Salvare lupo, capra e cavoli dai luoghi comuni e dalle convenienze della politica non è sicuramente un’impresa facile, considerando il gran numero di attori che soffiano sul fuoco delle paure.
E’ stata rinviata dalla Conferenza Stato Regioni la decisione sull’abbattimento dei lupi, ma questo certo non significa che alla fine il lupo si salvi davvero: bisognerà aspettare le decisioni definitive prima di poter dire che questa guerra di buonsenso sia stata davvero (temporaneamente) vinta.
Il fronte del SI all’abbattimento è composito e singolare, anche se per correttezza bisogna dire che il provvedimento riguarderebbe solo il 5% della popolazione lupina: sono favorevoli all’abbattimento i sindacati degli agricoltori, da CIA a Coldiretti, neanche a dirlo le associazioni venatorie e, certo non ultimo, il Ministero dell’Ambiente capitanato dall’inossidabile Gian Luigi Galletti che difende la bontà del suo piano, invero strampalato, che a secondo il ministro sarebbe addirittura un “piano salva lupo”.
Non si è mai visto che la salvezza di una specie passi dall’uccisione dei suoi appartenenti, ma secondo il ministro è proprio questo che gli ambientalisti non capiscono: se facciamo abbattere un po’ di lupi tutto si sistema, ma se continuiamo a ostinarci che questa cosa non s’ha da fare allora arriva la giustizia sommaria del bracconaggio e quella si che metterà all’angolo la sopravvivenza della specie.
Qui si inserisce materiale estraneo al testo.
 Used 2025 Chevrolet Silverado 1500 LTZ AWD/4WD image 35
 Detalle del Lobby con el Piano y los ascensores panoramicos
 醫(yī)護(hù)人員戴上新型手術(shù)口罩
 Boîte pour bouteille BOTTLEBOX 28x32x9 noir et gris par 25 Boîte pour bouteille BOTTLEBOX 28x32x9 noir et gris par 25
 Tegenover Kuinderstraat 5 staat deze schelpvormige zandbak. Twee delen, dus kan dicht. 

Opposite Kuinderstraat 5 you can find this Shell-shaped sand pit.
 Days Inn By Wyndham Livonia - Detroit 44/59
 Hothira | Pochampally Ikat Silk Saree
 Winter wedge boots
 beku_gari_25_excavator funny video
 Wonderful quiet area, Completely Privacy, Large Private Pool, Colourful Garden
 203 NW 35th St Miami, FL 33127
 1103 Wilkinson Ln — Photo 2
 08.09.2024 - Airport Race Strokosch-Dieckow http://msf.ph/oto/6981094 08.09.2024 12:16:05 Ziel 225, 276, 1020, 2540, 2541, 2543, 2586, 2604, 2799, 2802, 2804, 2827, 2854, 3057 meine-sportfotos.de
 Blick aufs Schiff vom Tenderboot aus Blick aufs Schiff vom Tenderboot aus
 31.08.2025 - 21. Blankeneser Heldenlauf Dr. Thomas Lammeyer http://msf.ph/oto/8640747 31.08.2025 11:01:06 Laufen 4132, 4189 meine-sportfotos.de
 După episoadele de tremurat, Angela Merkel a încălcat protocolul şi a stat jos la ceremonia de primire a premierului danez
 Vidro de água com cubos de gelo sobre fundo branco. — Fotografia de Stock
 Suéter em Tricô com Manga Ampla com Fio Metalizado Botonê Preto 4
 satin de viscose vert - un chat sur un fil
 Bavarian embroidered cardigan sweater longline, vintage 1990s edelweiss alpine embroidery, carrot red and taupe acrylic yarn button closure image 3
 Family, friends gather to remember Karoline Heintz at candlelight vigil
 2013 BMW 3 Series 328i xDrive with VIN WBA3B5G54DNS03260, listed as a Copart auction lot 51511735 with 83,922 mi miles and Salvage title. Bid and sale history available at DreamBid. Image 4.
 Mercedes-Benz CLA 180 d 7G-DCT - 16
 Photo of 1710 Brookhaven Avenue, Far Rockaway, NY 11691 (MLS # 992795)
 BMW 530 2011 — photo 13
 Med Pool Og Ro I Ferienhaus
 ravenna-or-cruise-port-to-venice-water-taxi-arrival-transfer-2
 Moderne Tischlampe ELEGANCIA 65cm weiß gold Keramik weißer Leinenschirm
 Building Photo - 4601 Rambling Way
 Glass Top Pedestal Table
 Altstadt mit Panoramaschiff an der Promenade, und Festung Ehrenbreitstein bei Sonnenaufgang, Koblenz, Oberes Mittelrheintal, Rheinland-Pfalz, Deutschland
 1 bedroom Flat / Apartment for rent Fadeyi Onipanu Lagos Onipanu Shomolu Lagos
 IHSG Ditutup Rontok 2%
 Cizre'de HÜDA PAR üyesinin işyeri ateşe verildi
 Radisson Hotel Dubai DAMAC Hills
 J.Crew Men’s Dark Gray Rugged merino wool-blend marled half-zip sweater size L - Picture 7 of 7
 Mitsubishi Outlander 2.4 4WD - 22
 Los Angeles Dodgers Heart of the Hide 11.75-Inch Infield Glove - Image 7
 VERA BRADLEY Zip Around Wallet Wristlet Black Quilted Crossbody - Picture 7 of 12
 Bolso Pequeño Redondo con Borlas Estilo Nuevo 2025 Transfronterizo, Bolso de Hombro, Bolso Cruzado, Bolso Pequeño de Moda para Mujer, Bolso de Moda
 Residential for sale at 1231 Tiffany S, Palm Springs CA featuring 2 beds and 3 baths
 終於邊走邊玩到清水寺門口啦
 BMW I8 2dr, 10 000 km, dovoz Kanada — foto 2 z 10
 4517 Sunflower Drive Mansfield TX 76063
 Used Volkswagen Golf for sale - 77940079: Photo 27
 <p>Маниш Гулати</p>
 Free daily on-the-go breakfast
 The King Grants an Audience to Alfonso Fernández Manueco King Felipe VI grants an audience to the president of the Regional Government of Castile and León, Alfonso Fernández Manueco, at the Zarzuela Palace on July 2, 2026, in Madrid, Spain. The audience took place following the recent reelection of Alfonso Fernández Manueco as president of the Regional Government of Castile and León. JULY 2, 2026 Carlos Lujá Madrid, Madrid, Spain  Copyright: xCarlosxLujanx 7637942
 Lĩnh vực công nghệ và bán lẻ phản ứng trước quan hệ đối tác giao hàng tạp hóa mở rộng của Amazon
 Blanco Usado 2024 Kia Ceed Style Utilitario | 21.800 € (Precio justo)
Forse che non si siano accorti che il bracconaggio è già dilagante, complice una legge ridicola che rende più costoso attraversare con il rosso che abbattere un lupo.
Il lupo in questi anni ha avuto un’espansione non certo per le leggi che regolamentano la caccia, e solo molto dopo tutelano la fauna: il lupo è stato considerato un animale nocivo, sterminabile, fino a una quarantina d’anni fa e fino alla fine degli anni ’80 la sua presenza era rimasta confinata ai monti della Sila. Il suo incremento e la maggior diffusione è dovuta a vari fattori, i principali dei quali sono stati lo spopolamento delle campagne e i ripopolamenti fatti per fornire prede ai cacciatori, che hanno poi costituito un incremento delle prede del lupo.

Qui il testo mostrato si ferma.